In the listing that follows, find the line with "三菱ふそうキャンターバキュームカー小型（2t・3t）[写真12]", then copy exactly from it through the line with "Adorable gîte, 3", leaving out every picture.

━━ EXTRACTED ENTRIES ━━

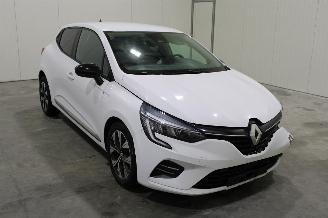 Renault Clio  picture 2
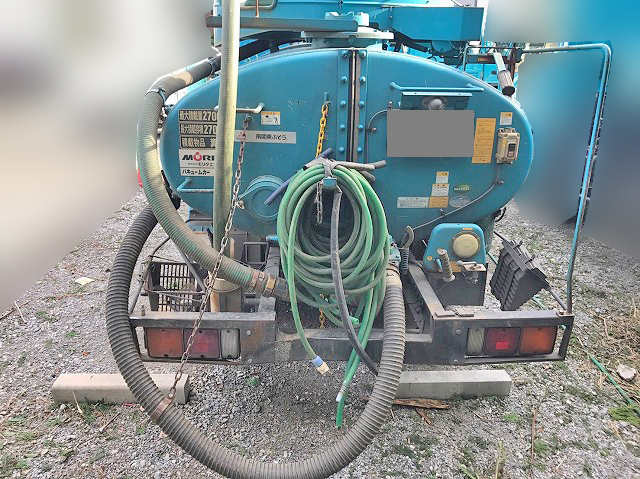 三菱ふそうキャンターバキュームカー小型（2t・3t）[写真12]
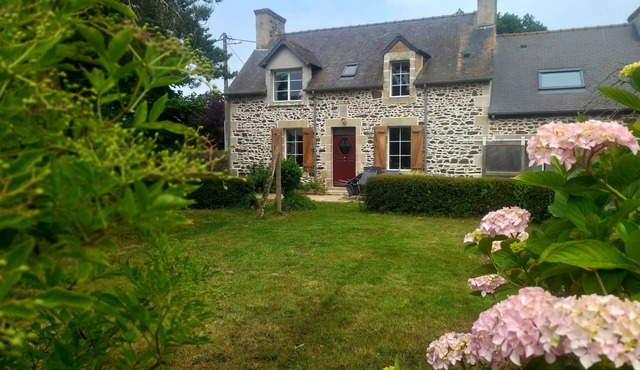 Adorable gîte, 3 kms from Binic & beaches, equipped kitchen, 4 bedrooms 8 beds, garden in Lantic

━━━
━━ EXTRACTED ENTRIES ━━

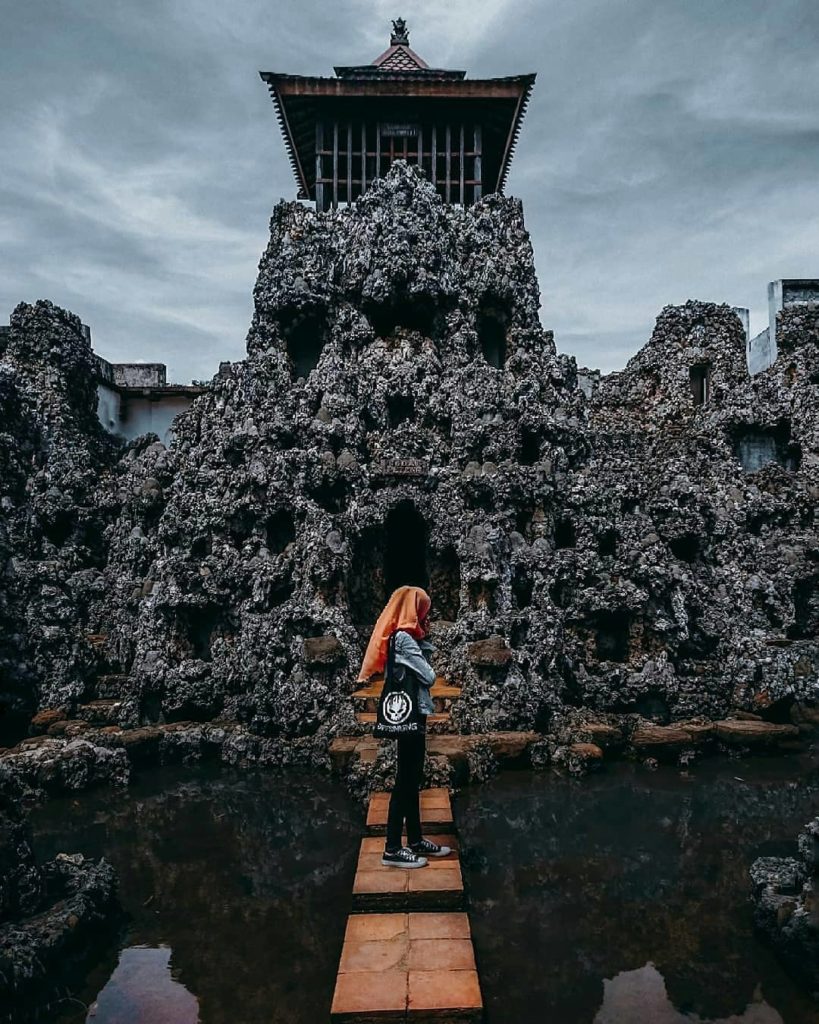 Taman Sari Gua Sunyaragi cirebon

━━━

= RESULT FOR THIS EXERCISE =
 三菱ふそうキャンターバキュームカー小型（2t・3t）[写真12]
 Adorable gîte, 3 kms from Binic & beaches, equipped kitchen, 4 bedrooms 8 beds, garden in Lantic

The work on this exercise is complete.